A whole tradition has grown from the idea of being a pilgrim or alien of the world, sharpened by Paul’s language of citizenship, and colored with Greek and gnostic philosophy in the 2nd, 3rd, and 4th centuries. It can be summed up nicely in the song “This World is Not My Home.”

This world is not my home, I’m just a passing through.

In essence, our true home is in the heavenly realm, and someday, we will finally leave this wicked, corrupt world and be able to return home.  Our pilgrimage will be over. The rest of the world can literally go to Hell.

But is this the picture we get? Is this really what being a pilgrim in the world means?

Was Abraham, the first sojourner of faith and the context for the New Testament use of these terms, just a passing through the promised land?

To ask the question is to answer it. Abraham even performs a symbolic act of staking his claim in the land of Canaan.  He buys a field from one of the Hittites to bury Sarah, and then his own bones are laid to rest in the same tomb.  The conquest didn’t start with Joshua.  It started with Abraham after the death of his wife.

Abraham is a pilgrim in the promised land, which means he is called a pilgrim in his own land.  And he knows it.

How does this relate to the children of the promise today?

First, we must realize that just as Abraham buying a plot of land was a symbolic act of conquest, the later conquest of the promised land by the Israelites was also a symbolic act of something greater.

For the promise, that he should be the heir of the world, was not to Abraham, or to his seed, through the law, but through the righteousness of faith. (Rom. 4:13)

Abraham was not just promised Canaan.  He was promised that all of the nations through him would be blessed, and according to Paul, this means that he would inherit the world.

And we are inheritors of the same promise.

And if ye be Christ’s, then are ye Abraham’s seed, and heirs according to the promise. (Gal 3:29)

Christ himself says that the meek will inherit the earth. How much time have we spent explaining away the plain sense of this beatitude, when the plain sense fits so well with the promise of Abraham?

Christ has risen.  All authority has been given to him in heaven and on earth (Matt. 28:18). The new order has been established, God has named his king, and his king will rule at his right hand until all of his enemies bow in homage (Psalm 110:1). And what is the domain of the king?

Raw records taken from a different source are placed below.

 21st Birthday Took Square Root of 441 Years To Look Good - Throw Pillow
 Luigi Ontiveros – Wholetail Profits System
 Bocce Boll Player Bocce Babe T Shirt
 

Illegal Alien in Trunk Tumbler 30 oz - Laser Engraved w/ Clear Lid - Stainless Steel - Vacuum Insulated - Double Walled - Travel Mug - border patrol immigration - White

Ask of me, and I shall give thee the heathen for thine inheritance, and the uttermost parts of the earth for thy possession. (Psalm 2:8)

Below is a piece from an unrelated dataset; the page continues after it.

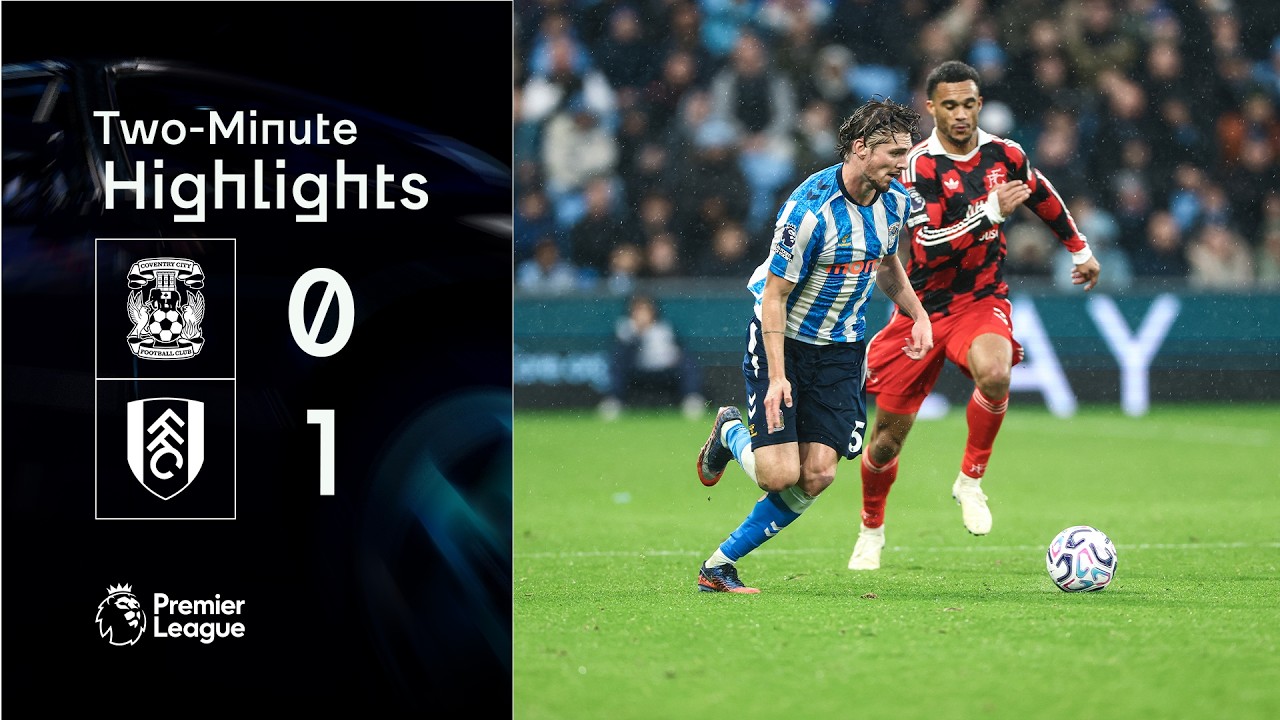 Coventry City FC 0 - 1 Fulham FC highlights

Through Christ, the promise of Abraham will come to fruition. We are pilgrims now in the promised land, heirs of the promise.  But that means we are the advance guard, building wells and establishing alters like Abraham our father, knowing that we wander in our inheritance. For he “hast made us unto our God kings and priests: and we shall reign on the earth” (Rev. 5:10). Creation itself longs for the final victory.

For the creation waits with eager longing forthe revealing of the sons of God. For the creationwas subjected to futility, not willingly, but because of him who subjected it, in hope that the creation itself will be set free from its bondage to corruption and obtain the freedom of the glory of the children of God. For we know thatthe whole creation has been groaning together in the pains of childbirth until now. (Rom. 8:21-22, ESV)

As someone once said, the world is not God’s Vietnam.  He is not scrambling to bring the troops home from a theater of war that is crumbling, in some kind of strategic retreat.

Pilgrimages of the people of God don’t end with a whimper and a sigh.  They don’t end with a rescue.

They end in conquest. They end in victory.

“That God may be all in all.” Amen.

What about you? Have you viewed the call to be a sojourner in this world as a call to simply “hold down the fort?” Do you believe the promises that “the Father has sent the Son as Savior of the world”(1 Jn. 4:14)?